Dossier : IMM-241-02

Référence neutre : 2002 CFPI 1266

Ottawa (Ontario), le vendredi 6 décembre 2002

EN PRÉSENCE DE MONSIEUR LE JUGE KELEN

ENTRE :

                                                             YUN IE LEE

SUNG HEE JIE

JUNG WON JIE

                                                                                                                            demandeurs

                                                                       et

                                      LE MINISTRE DE LA CITOYENNETÉ

ET DE L'IMMIGRATION

                                                                                                                               défendeur

                          MOTIFS DE L'ORDONNANCE ET ORDONNANCE

LE JUGE KELEN


[1]                Il s'agit d'une demande de contrôle judiciaire présentée conformément à l'article 18.1 de la Loi sur la Cour fédérale, L.R.C. (1985), ch. F-7, à l'encontre de la décision par laquelle la section du statut de réfugié de la Commission de l'immigration et du statut de réfugié (la SSR) a déclaré, le 10 décembre 2001, que les demandeurs n'étaient pas des réfugiés au sens de la Convention visés à l'article 2 de la Loi sur l'immigration, L.R.C. (1985), ch. I-2.

LES FAITS

[2]                Yun Ie Lee est la demanderesse principale. Elle est citoyenne de la République de Corée et revendique le statut de réfugié pour le motif qu'elle serait maltraitée par son ex-conjoint si elle était renvoyée en Corée. Elle allègue que son conjoint continue à s'intéresser à elle et qu'en Corée, l'État ne fournit pas de protection. Les autres demandeurs sont les deux enfants mineurs de la demanderesse principale, sa fille Sung Hee Jie et son fils Jung Won Jie.

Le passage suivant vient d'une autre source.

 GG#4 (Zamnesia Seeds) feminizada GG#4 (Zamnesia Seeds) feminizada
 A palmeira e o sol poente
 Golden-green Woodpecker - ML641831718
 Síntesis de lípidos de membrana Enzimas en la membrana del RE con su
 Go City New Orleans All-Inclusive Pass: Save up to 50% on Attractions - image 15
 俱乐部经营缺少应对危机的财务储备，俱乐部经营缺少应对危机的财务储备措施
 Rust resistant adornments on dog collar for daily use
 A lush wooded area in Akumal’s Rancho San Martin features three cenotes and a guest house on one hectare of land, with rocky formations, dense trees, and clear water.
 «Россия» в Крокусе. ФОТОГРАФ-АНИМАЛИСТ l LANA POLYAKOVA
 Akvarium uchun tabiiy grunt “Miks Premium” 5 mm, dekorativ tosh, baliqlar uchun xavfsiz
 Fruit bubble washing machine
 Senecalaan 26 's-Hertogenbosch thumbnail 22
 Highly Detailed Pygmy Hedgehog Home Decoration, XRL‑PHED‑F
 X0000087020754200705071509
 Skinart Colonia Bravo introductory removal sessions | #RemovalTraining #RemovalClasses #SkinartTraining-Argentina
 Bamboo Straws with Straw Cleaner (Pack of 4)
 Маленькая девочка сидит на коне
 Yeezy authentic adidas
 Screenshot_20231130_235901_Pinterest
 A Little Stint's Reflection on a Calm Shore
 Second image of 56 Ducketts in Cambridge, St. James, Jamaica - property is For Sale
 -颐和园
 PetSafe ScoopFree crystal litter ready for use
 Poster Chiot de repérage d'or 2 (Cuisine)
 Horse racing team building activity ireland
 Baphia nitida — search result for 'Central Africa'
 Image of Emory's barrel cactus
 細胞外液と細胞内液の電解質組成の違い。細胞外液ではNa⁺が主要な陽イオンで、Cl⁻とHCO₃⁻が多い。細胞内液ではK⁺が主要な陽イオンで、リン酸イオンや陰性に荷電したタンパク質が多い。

[3]                La demanderesse principale, son conjoint et ses deux enfants sont arrivés au Canada en 1994 avec des visas canadiens de visiteur (les VCV) dans l'intention de présenter une demande d'immigration depuis le pays. La demanderesse principale a témoigné que c'était elle qui avait eu l'idée d'émigrer au Canada dans l'espoir de permettre au couple de recommencer. Ils ont été autorisés à demeurer au Canada à la suite du renouvellement de leurs VCV, mais leur demande d'immigration a été rejetée. Par la suite, le conjoint de la demanderesse principale a commencé à la maltraiter, ce qui a occasionné leur séparation au mois de décembre 1996. Le conjoint a commencé à voir d'autres femmes; en 1998, il a été accusé d'avoir agressé une femme. Le 23 juillet 1998, le conjoint a quitté le Canada et une attestation de départ a été déposée par le ministre. La demanderesse principale a revendiqué le statut de réfugié en l'an 2000. Elle affirme que ses enfants et elle ne seraient pas en sécurité s'ils retournaient en Corée.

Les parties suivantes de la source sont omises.